> [Problem to solve]:
Your copy should hold only the lines from the one with "Ford Mustang S550" to the one with "TruVue Lite Heel", both included, each exactly as it stands below, with no pictures.

> [Listed records]:
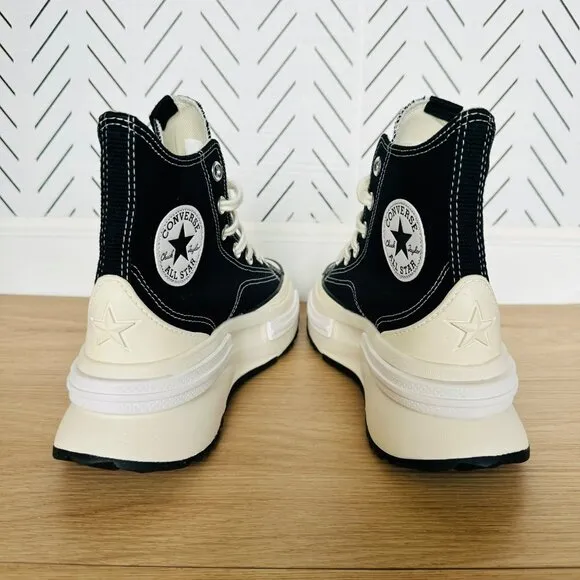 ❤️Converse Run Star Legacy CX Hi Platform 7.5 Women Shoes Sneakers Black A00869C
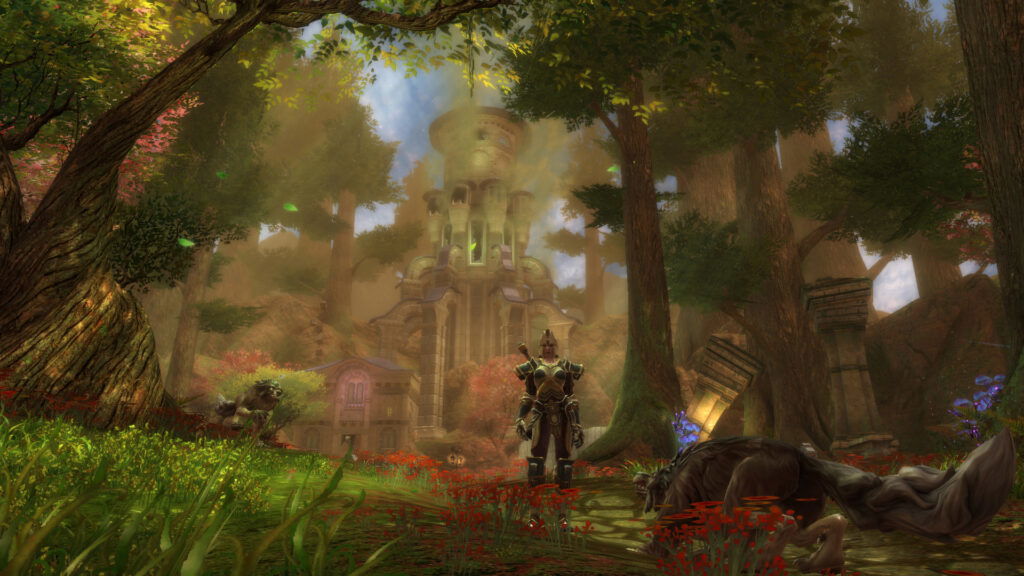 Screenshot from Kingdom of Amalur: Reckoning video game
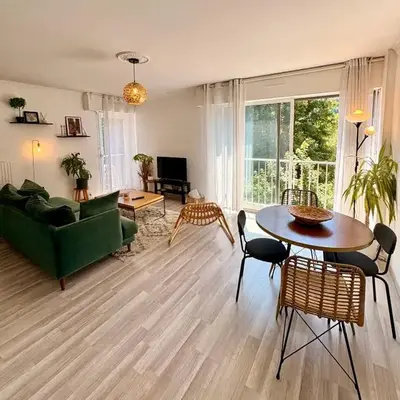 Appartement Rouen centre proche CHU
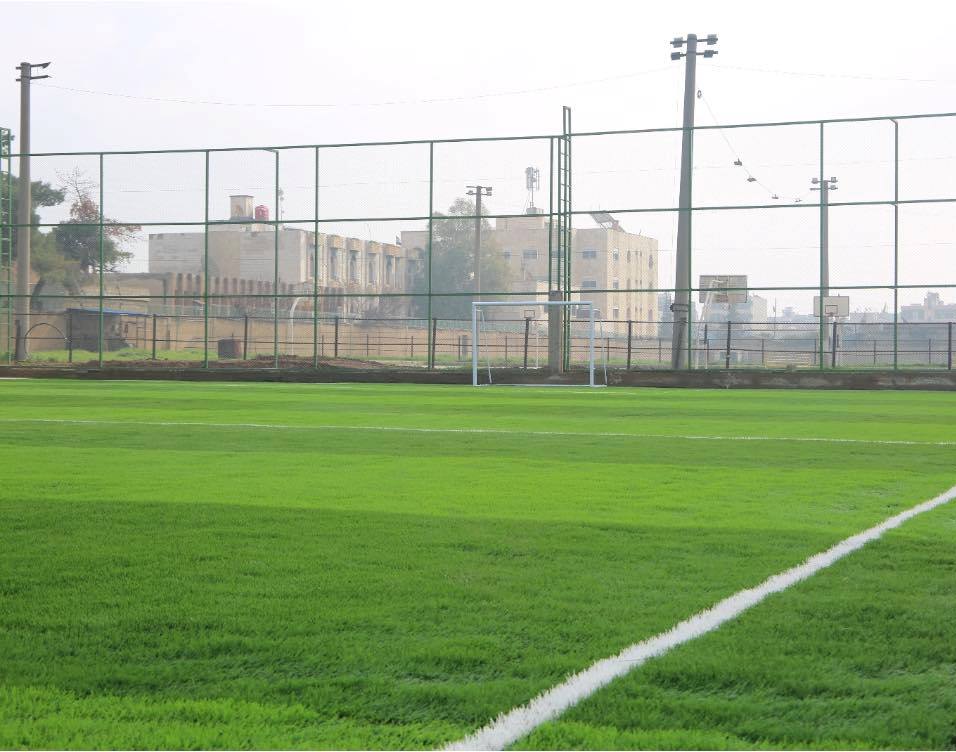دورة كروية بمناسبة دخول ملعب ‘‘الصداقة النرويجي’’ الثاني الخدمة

---

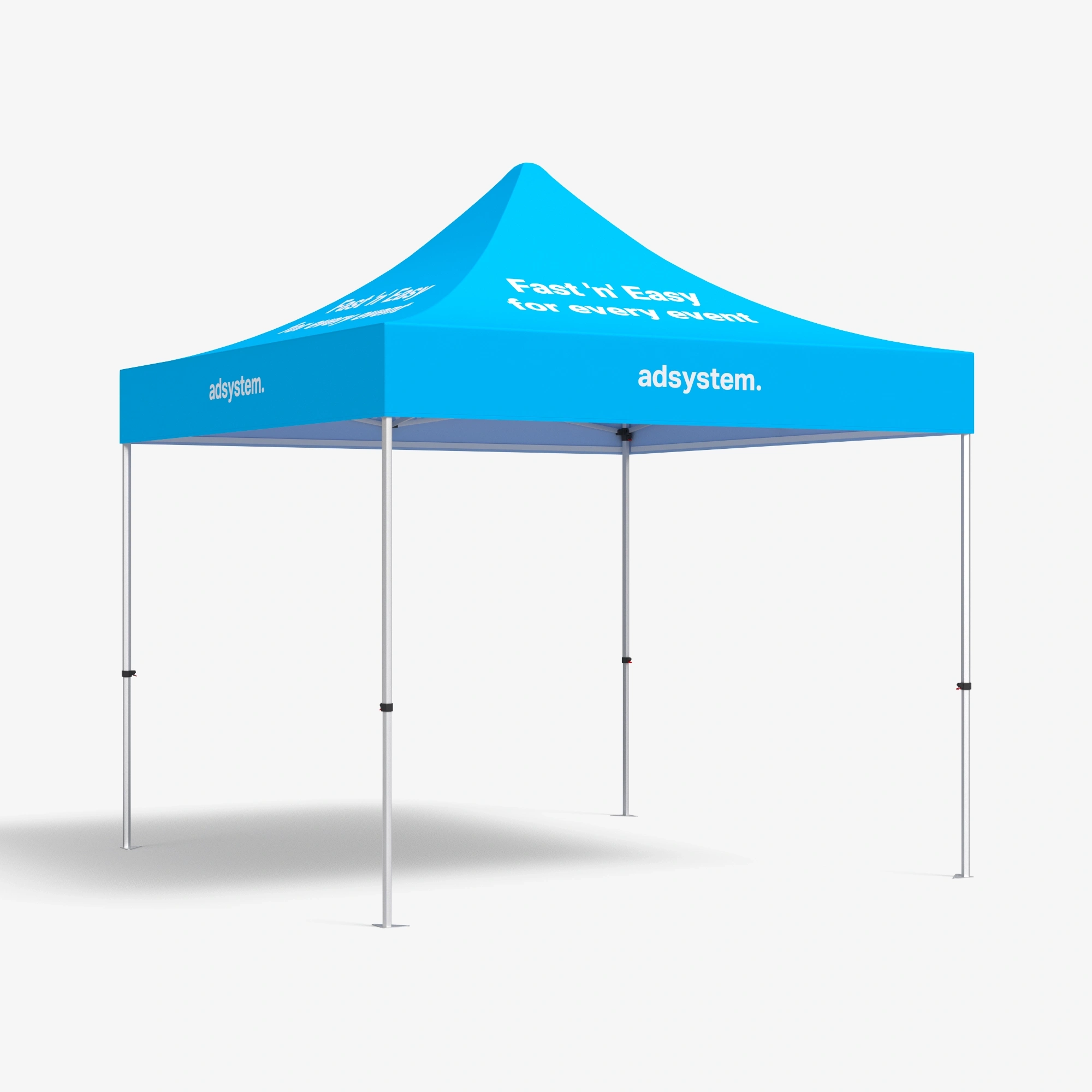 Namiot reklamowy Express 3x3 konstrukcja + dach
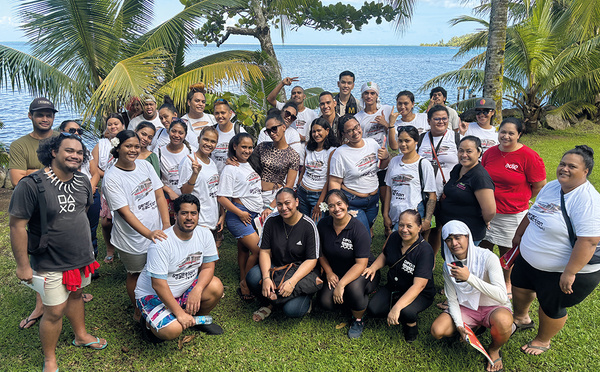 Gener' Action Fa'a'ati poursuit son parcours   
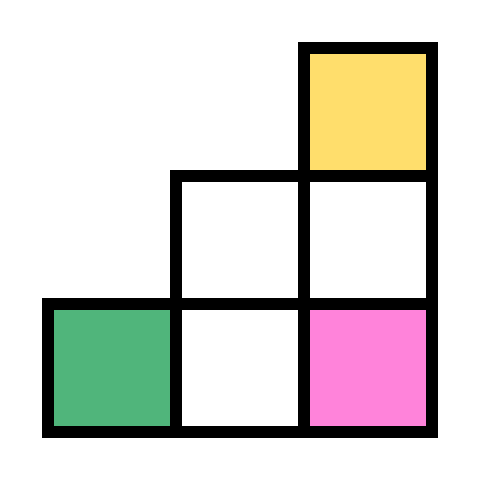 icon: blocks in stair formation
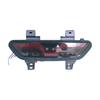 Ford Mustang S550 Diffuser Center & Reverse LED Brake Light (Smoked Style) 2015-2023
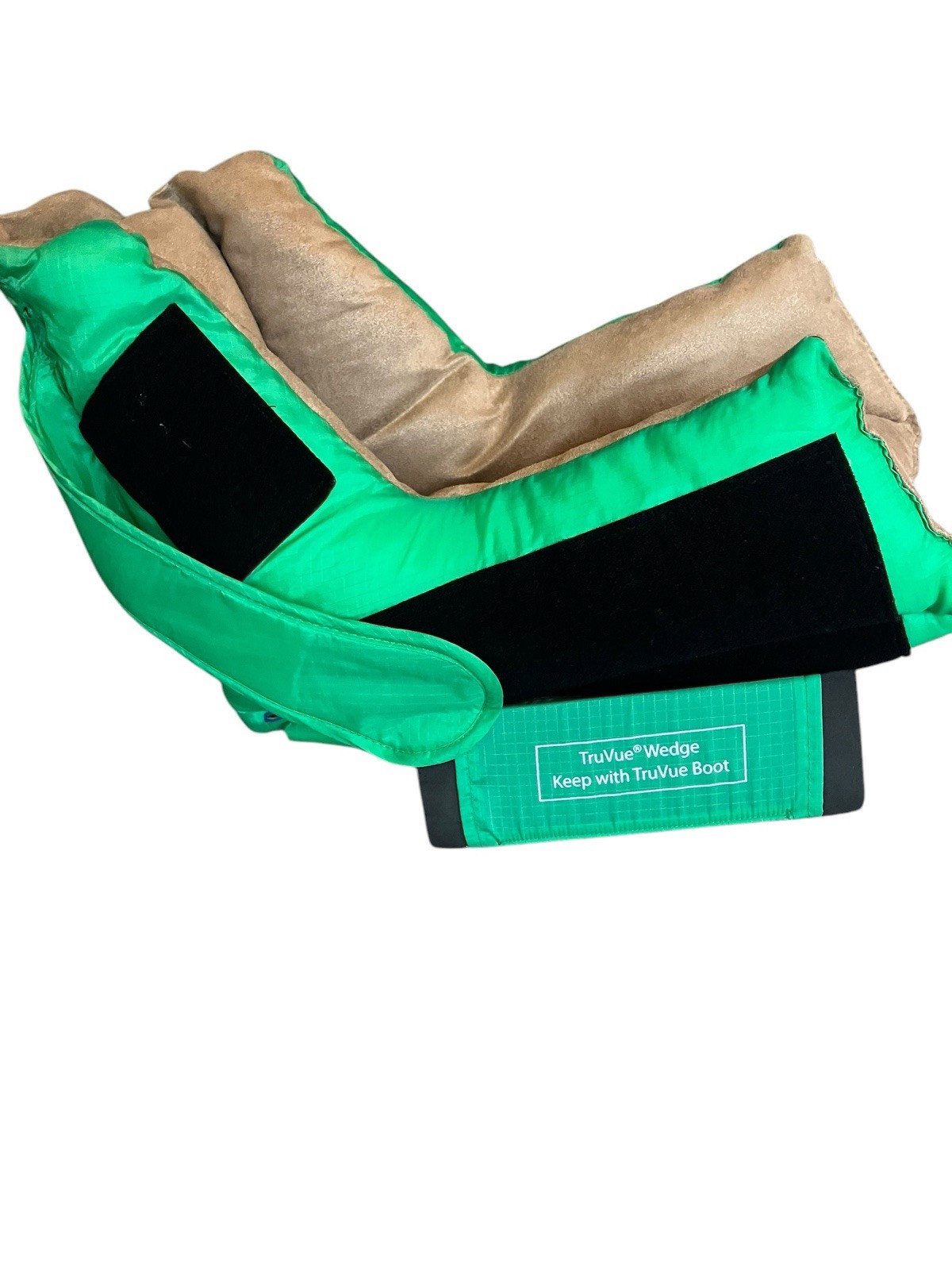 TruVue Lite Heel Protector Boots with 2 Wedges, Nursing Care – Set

> [Answer for this exercise]:
 Ford Mustang S550 Diffuser Center & Reverse LED Brake Light (Smoked Style) 2015-2023
 TruVue Lite Heel Protector Boots with 2 Wedges, Nursing Care – Set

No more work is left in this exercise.